Pourquoi la compréhension de la lecture est-elle si difficile pour les élèves allophones ?
Avant d'aborder les stratégies, il est utile de comprendre pourquoi lire dans une langue seconde est si différent de lire dans sa langue maternelle. Des recherches menées par Revue annuelle de linguistique appliquée de Cambridge met en évidence plusieurs obstacles majeurs :
- Profondeur de vocabulaire limitée : Connaître le sens de base d'un mot ne suffit pas. Les lecteurs dont l'anglais n'est pas la langue maternelle passent souvent à côté des connotations, des collocations et des sens multiples.
- Surcharge de la structure des phrases : La syntaxe complexe de l'anglais (propositions relatives, voix passive, structures inversées) peut transformer une idée simple en un véritable casse-tête.
- Lacunes en matière de connaissances culturelles : Les textes présupposent des références culturelles partagées que les apprenants internationaux peuvent ne pas posséder.
- Habitude de traduction : De nombreux apprenants traduisent mentalement chaque phrase dans leur langue maternelle, ce qui les ralentit et perturbe le flux de la compréhension.
- Manque d'endurance à la lecture : Se concentrer durablement sur une langue seconde est mentalement épuisant.
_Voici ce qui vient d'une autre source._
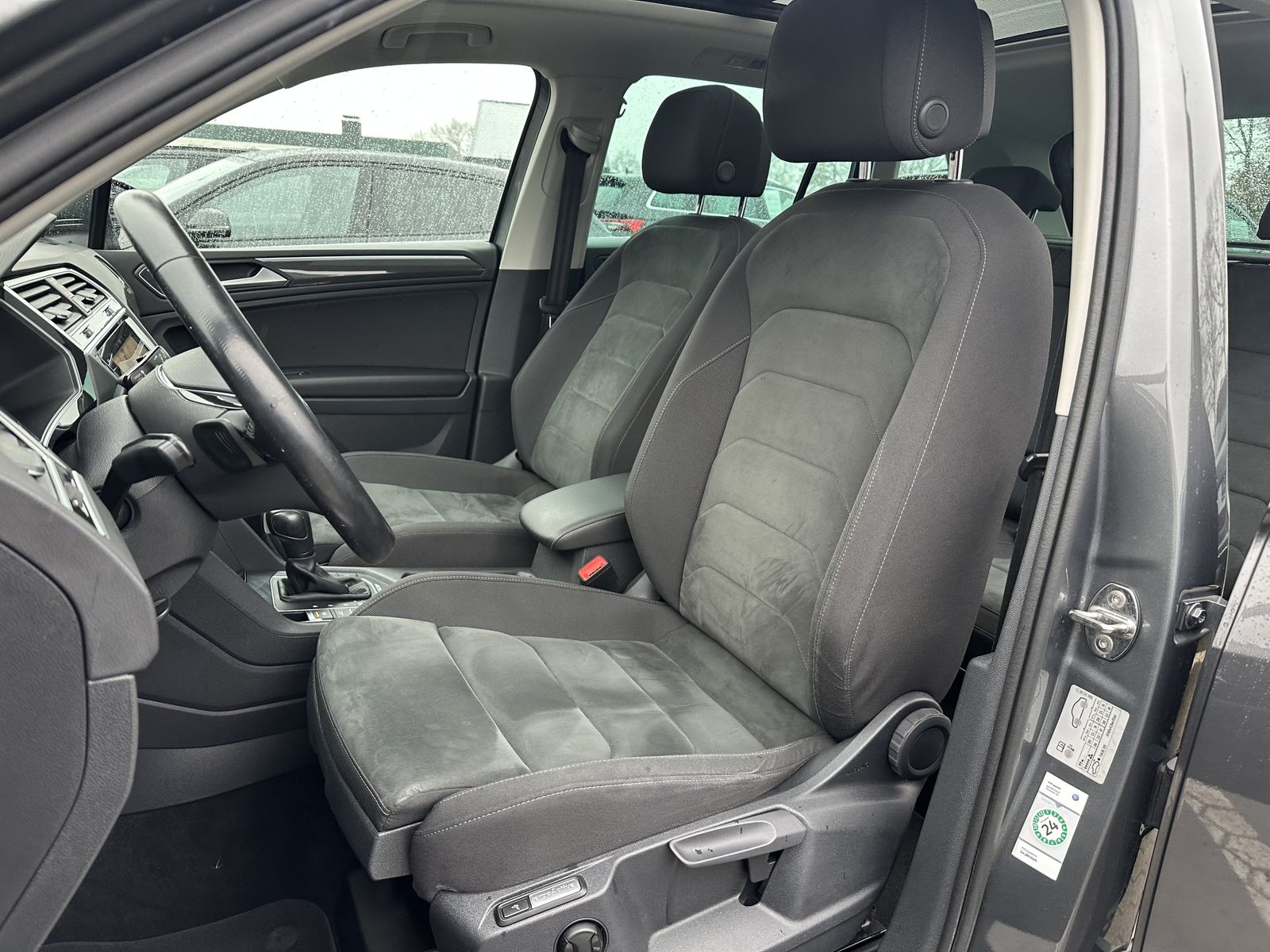 Fahrzeugabbildung Volkswagen Tiguan 2.0 TDI 4M HL NAV+LED+AHK+PANO+360°+ACC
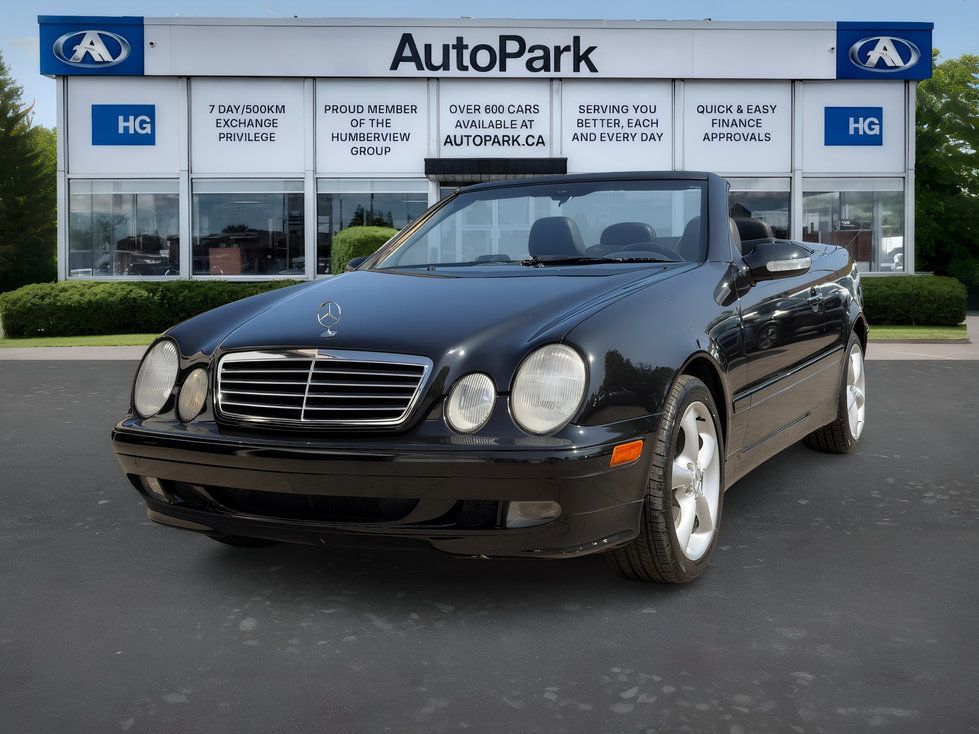 Mercedes-Benz CLK - Front three-quarter view of a black Mercedes-Benz CLK convertible - AutoPark Brampton - Used car dealership in Barrie, Ontario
Les étudiants perdent souvent le fil après quelques paragraphes.
La bonne nouvelle ? Chacun de ces obstacles peut être surmonté grâce à des stratégies adaptées. Analysons-les en détail.
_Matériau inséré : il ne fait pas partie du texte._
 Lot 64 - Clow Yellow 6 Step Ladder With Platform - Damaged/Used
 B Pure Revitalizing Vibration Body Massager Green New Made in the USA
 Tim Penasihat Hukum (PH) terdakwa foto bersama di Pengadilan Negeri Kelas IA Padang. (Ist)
1. Préparation à la lecture : Préparer le terrain avant la lecture
Se plonger directement dans un texte sans préparation, c'est comme arriver au cinéma avec 30 minutes de retard. Les activités de pré-lecture permettent aux élèves d'acquérir le contexte nécessaire pour comprendre ce qui va suivre.
Comment procéder :
- Montrez aux élèves le titre, les en-têtes de section et les images. Demandez-leur de deviner de quoi parle le texte.
- Discutez brièvement du sujet par deux ou en petits groupes. Activez les connaissances préalables existantes.
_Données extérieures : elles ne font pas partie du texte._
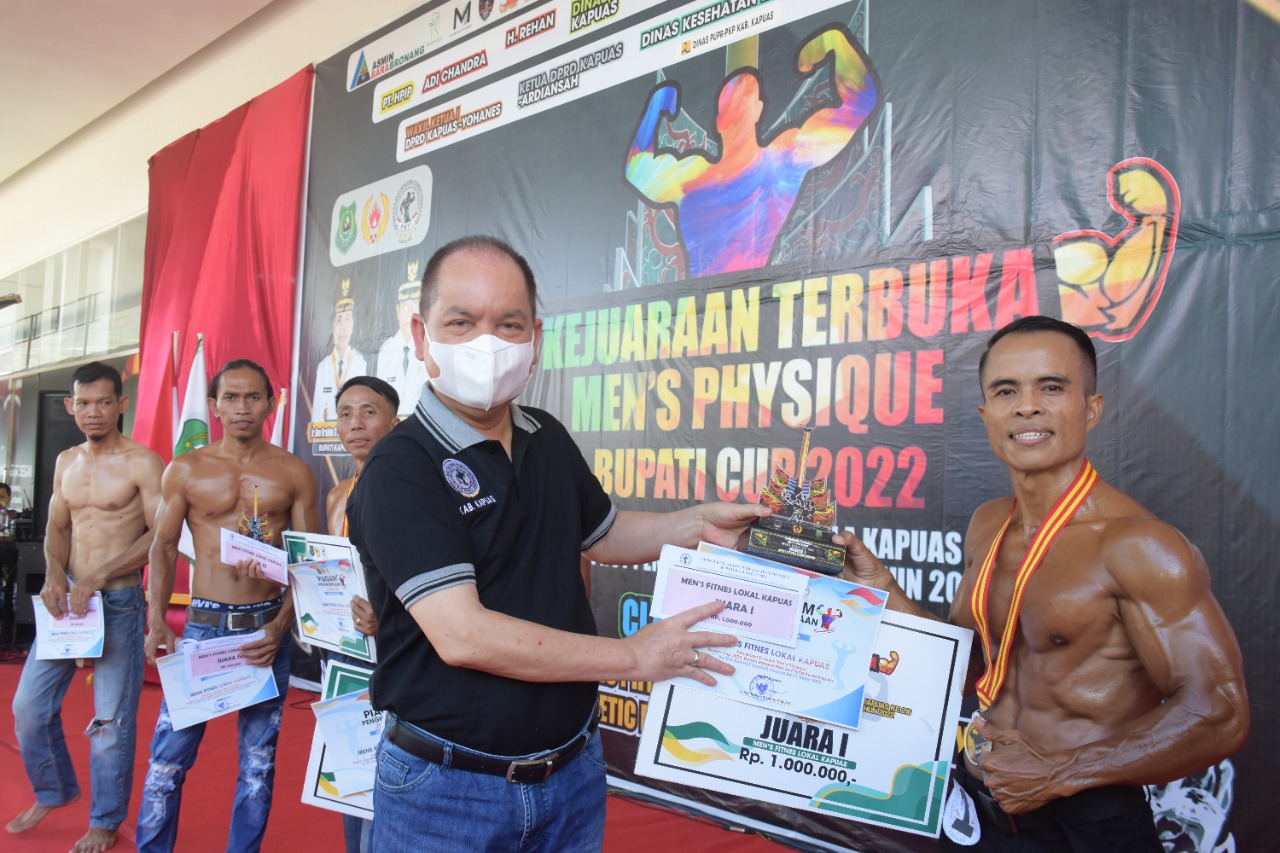 Bupati Kapuas Buka Kejuaran Men’s Physique Bupati Cup 2022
- Enseignez au préalable 5 à 8 mots de vocabulaire essentiels qui apparaissent dans le texte. N'encombrez pas vos élèves d'informations : concentrez-vous sur les mots absolument nécessaires à la compréhension des idées principales.
Recherches issues de Association internationale TESOL Les études montrent de manière constante que les activités de pré-lecture améliorent significativement les scores de compréhension, en particulier pour les apprenants ayant un niveau de compétence plus faible.
2. Cartographie du vocabulaire : développer les connaissances lexicales en contexte
Le vocabulaire est le moteur de la compréhension en lecture. On peut enseigner toutes les stratégies de lecture possibles, mais si les élèves ne connaissent pas suffisamment de mots, ils auront toujours des difficultés. La clé, c'est l'enseignement du vocabulaire. dans le contexte, et non pas par le biais de listes de mots isolées.

Techniques pratiques :
- Murs de mots : Afficher le vocabulaire clé des unités de lecture actuelles à un endroit où les élèves peuvent le voir quotidiennement.
- Exercices de compréhension du contexte : Apprenez aux élèves à utiliser les phrases environnantes pour deviner le sens des mots inconnus avant de consulter un dictionnaire.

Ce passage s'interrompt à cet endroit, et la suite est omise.